===== Data section
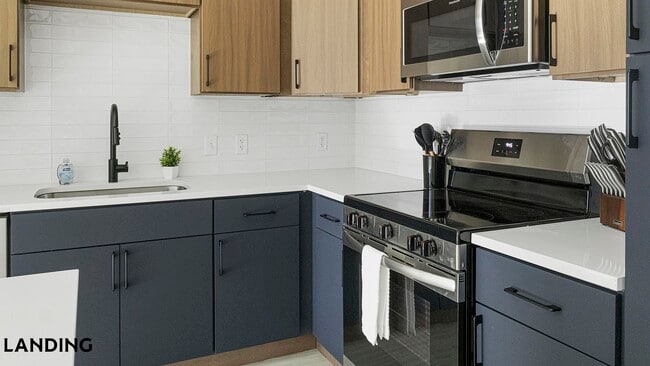 Building Photo - 1007 S Mint St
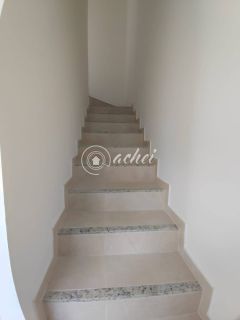 Casa em Condomínio com 3 Quartos (2 Suítes)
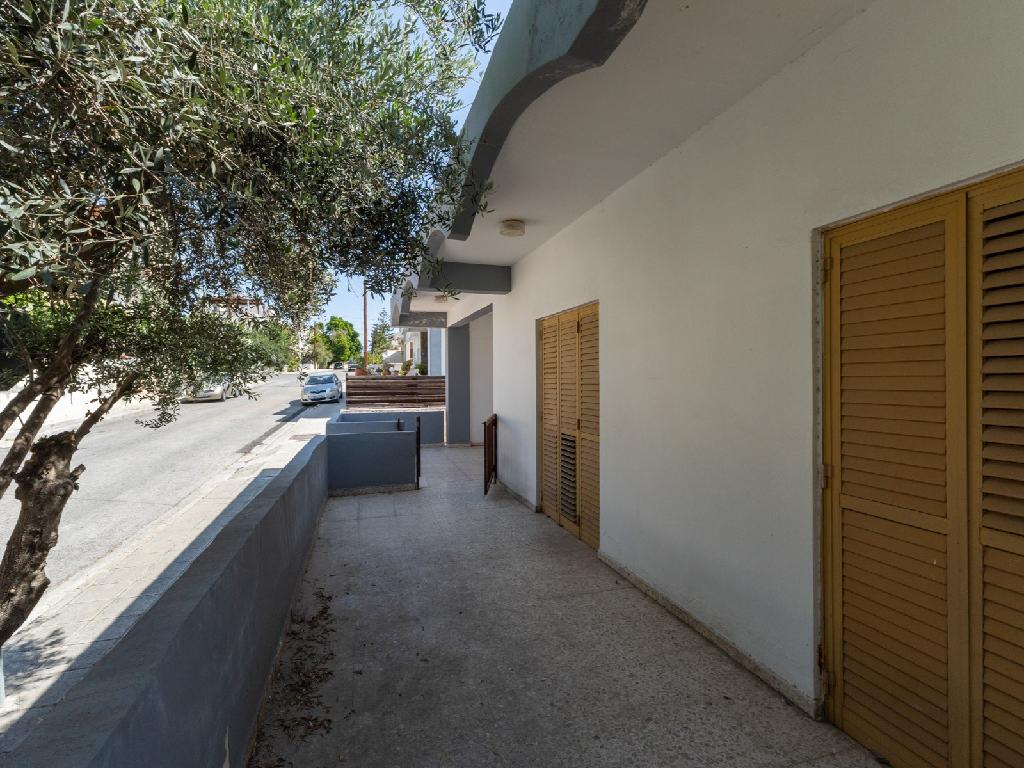 Ground Floor 3-Bedroom House in Aglantzia, Nicosia image 27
==========
> _Task directions_:
Reproduce word for word the lines from the one containing "Casa em Condomínio com 3 Quartos (2 Suítes)" through the end of the data, both ends kept. Drop the pictures.

> _Response to this task_:
 Casa em Condomínio com 3 Quartos (2 Suítes)
 Ground Floor 3-Bedroom House in Aglantzia, Nicosia image 27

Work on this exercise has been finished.